UNITED STATES DISTRICT COURT FOR THE NORTHERN DISTRICT OF ILLINOIS EASTERN DIVISION
Jun 6, 2016
Case No: 15 C 5471 (N.D. Ill. Jun. 6, 2016)

Opinion

Case No: 15 C 5471

06-06-2016

TINA M. KOPPERS, Plaintiff, v. CAROLYN W. COLVIN, Acting Commissioner of Social Security Defendant.


MEMORANDUM OPINION AND ORDER

Plaintiff Tina M. Koppers ("Koppers") seeks judicial review of the final decision of the Commissioner of Social Security ("Commissioner") denying her application for Disability Insurance Benefits ("DIB"). Koppers asks the Court to reverse the ALJ's decision and award benefits, and the Commissioner seeks an order affirming the decision. For the reasons set forth below, the ALJ's decision is reversed and the case is remanded for further proceedings consistent with this opinion.

I. BACKGROUND

Koppers was born on September 7, 1954 and has a history of degenerative disc disease, kidney stones, pseudotumor cerebri, headaches, glaucoma, atrial fibrillation, arthritis, sleep apnea, and anxiety. Koppers graduated from high school in June of 1972 and previously worked as a receiving manager, returns clerk, administrative clerk, and coordinator. Koppers alleges she became totally disabled on October 17, 2004 because of degenerative disc disease, pseudotumor cerebri, glaucoma, and kidney stones. Koppers' insured status for DIB purposes expired on June 30, 2010, which means Koppers had to show she was disabled on or before that date in order to be eligible for DIB. Shideler v. Astrue, 688 F.3d 308, 311 (7 Cir. 2012) (noting "the claimant must establish that he was disabled before the expiration of his insured status . . . to be eligible for disability insurance benefits.").

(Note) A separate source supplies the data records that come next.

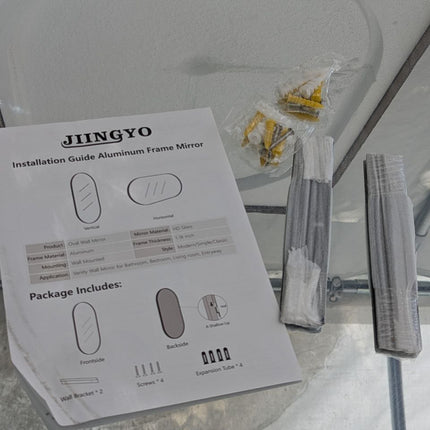 JIINGYO Oval Mirror, 24"×32" Gold Bathroom Mirror, Oval Mirror for Bathroom, Gol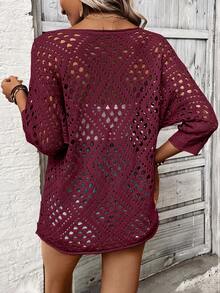 Breezaya Women's Loose Casual 3/4 Sleeve Hollow Out Knit Top - Burgundy - View 2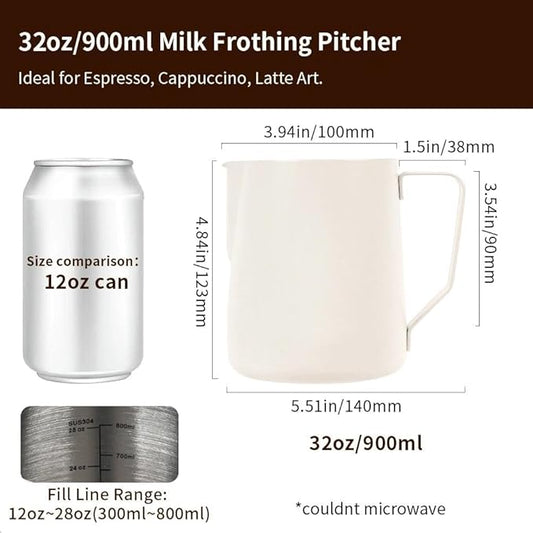 watchget Milk Frothing Pitcher 32oz/900ml - Stainless Steel Frothing Pitcher Espresso Steaming Pitcher Coffee Frother Cup Cappuccino Latte Art Coffee Machine Accessories Milk Jug, Creamy White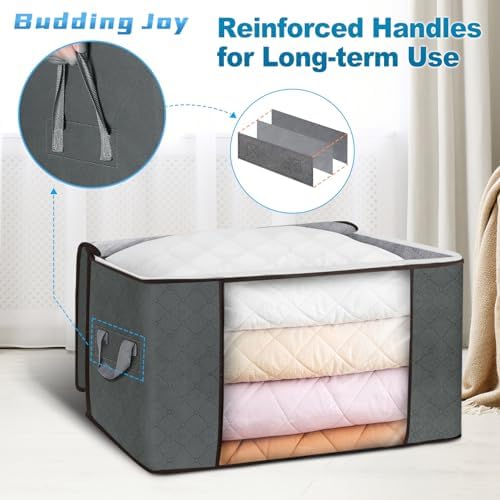 6 Pack 90L Large Storage Bags And 4 Pack 90L Under Bed Storage Containers, Clothes Storage Bins with Reinforced Handle for Clothing, Blanket, Comforters, Bed Sheets, Pillows and Toys (Gray) - Image 2
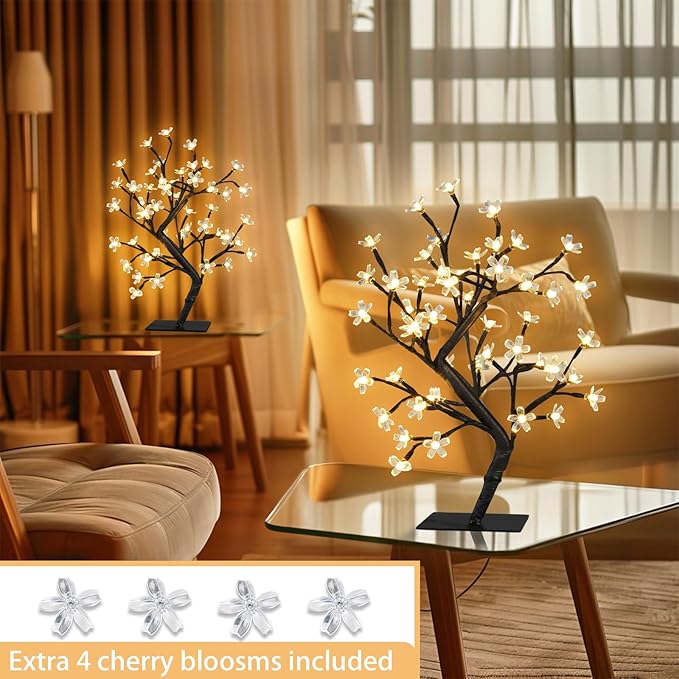 PEIDUO Set of 2 Lighted Cherry Blossom Tree, Light up Bonsai Tree for Christmas Decorations, Warm White Lights Plug in Adapter, Tabletop Night Light Artificial Tree for Indoor Bedroom Living Room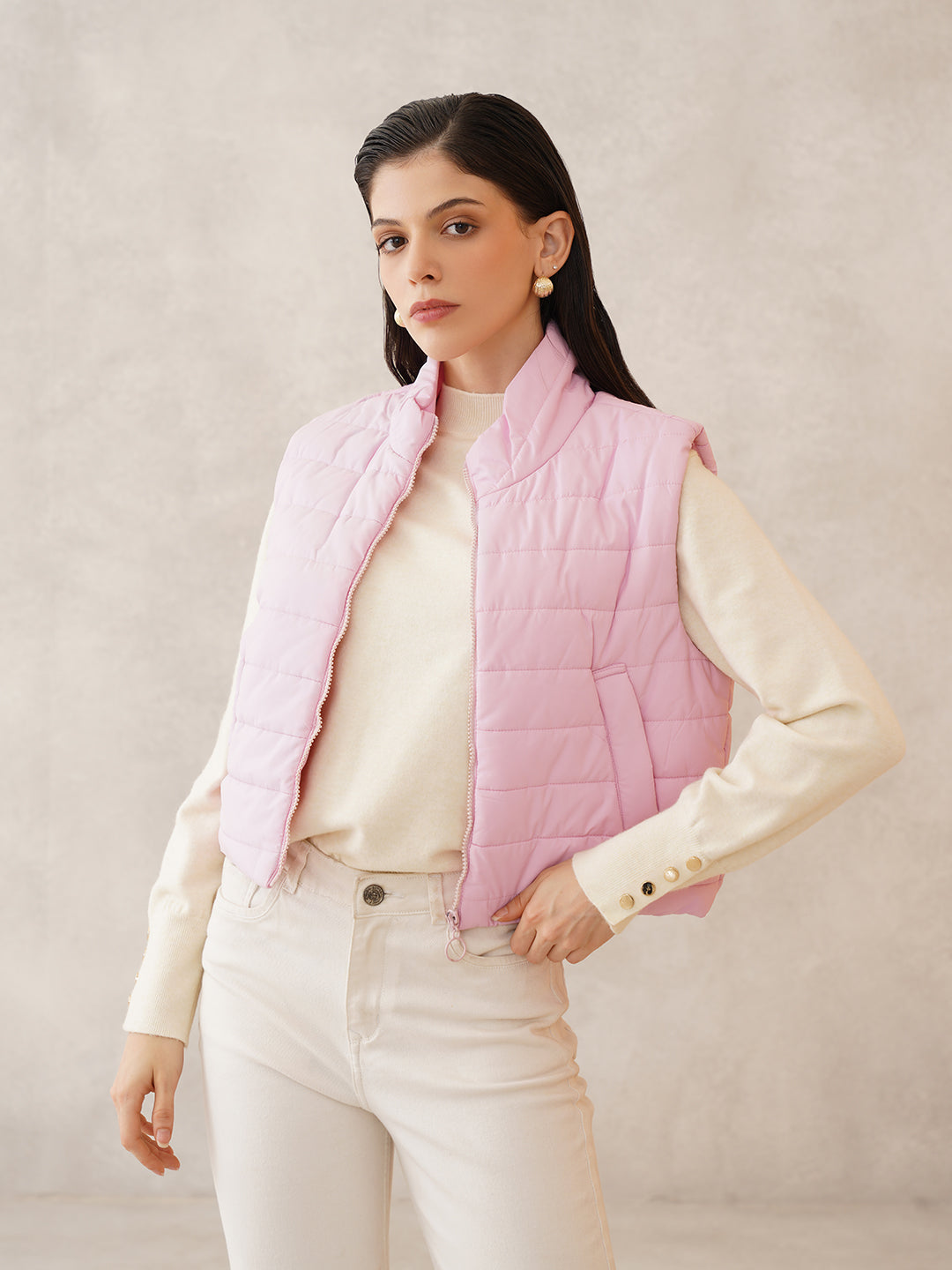 Beatnik Casual Wear Stand Collar Sleeveless Quilting Hip Length Light Pink Jacket Beatnik India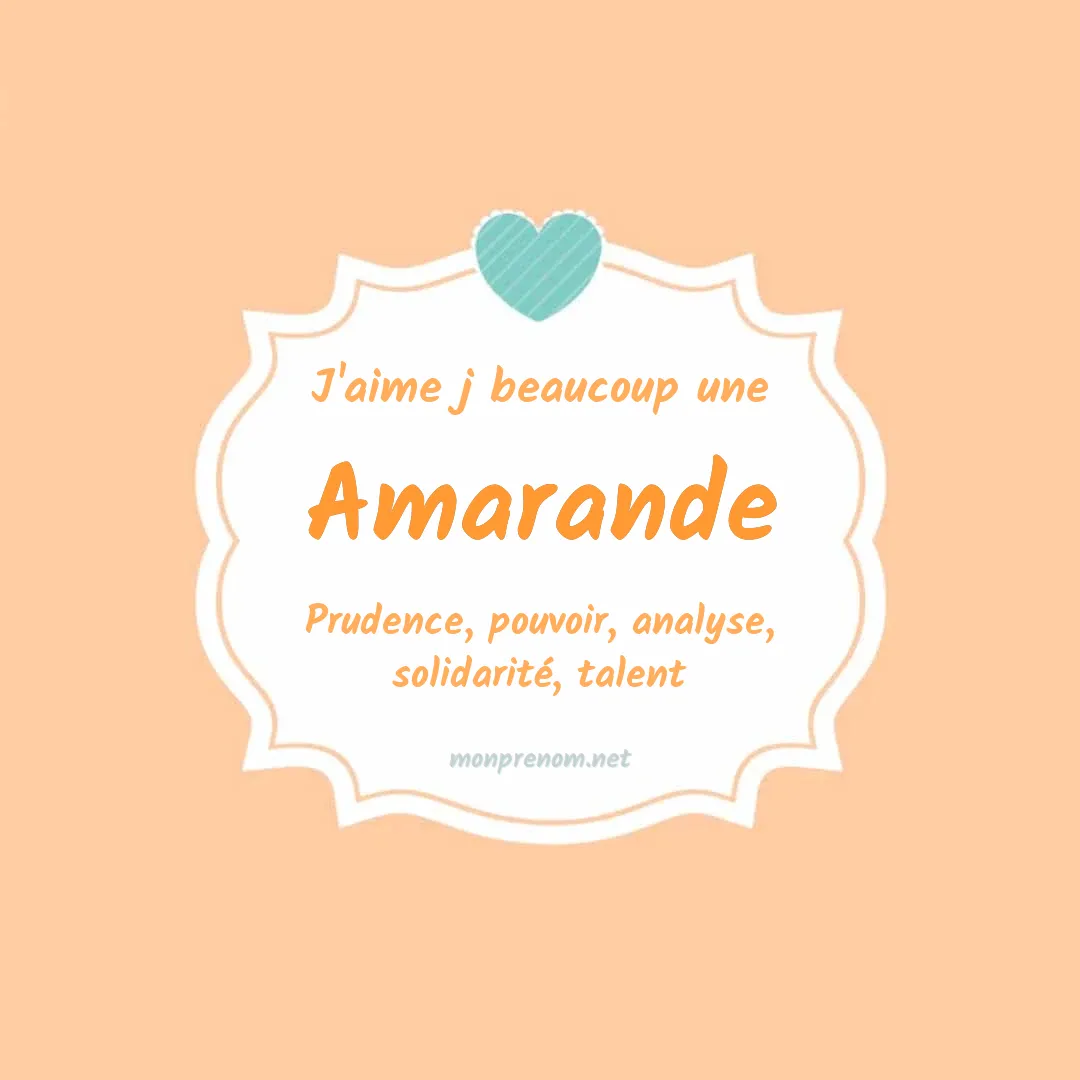 J'aime beaucoup Amarande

Koppers filed an application for DIB on August 2, 2006, alleging she became disabled on October 17, 2004. (R. 188-92). Koppers' application was denied initially and upon reconsideration. (R. 70-71, 87-91, 99-102). Koppers requested a hearing before an Administrative Law Judge ("ALJ), and a hearing was held on April 1, 2008. (R. 734-773). On September 15, 2008, the ALJ issued a decision finding that Koppers was not disabled because she could perform her past relevant work as a receptionist and human resources manager. (R. 72-81). Koppers requested that the Appeals Council review the ALJ's decision. (R. 125-32). On July 2, 2008, the Appeals Council remanded Koppers' case to an ALJ. (R. 82-86).

A second hearing was held on February 10, 2011. (R. 26-69). On February 16, 2011, the ALJ issued a decision finding that Koppers was not disabled because she was able to perform her past relevant work as a human resources administrator and intake coordinator. (R. 7-25). The Appeals Council denied Koppers' request for review. (R. 1-6). Koppers appealed the ALJ's February 2011 decision to this court. On August 28, 2013, Magistrate Judge Michael T. Mason remanded Koppers' case to the Commissioner. (R. 807-32).

On remand, the ALJ held a third hearing on March 23, 2015. (R. 1258-93). On April 17, 2015, the ALJ issued a decision. (R. 774-90). Under the standard five-step analysis used to evaluate disability, the ALJ found that Koppers had not engaged in substantial gainful activity since October 17, 2004, the alleged onset date, through her date last insured of June 30, 2010 (step one); her pseudotumor cerebri, ocular hypertension, lumbar degenerative disc disease, cervical spine radiculopathy, obstructive sleep apnea, and obesity were severe impairments (step two); but that her severe impairments did not qualify as a listed impairment (step three). The ALJ determined that Koppers retained the residual functional capacity (RFC) to perform light work, except that she was further limited to work requiring no climbing of ladders, ropes, or scaffolding, no more than occasional crouching, balancing, crawling, kneeling, and stooping and no more than occasional climbing of ramps and stairs. Given this RFC, the ALJ concluded that Koppers was able to perform her past relevant administrative and medical clerk work as either job is generally performed or her administrative clerk work as she actually performed it. (R. 789).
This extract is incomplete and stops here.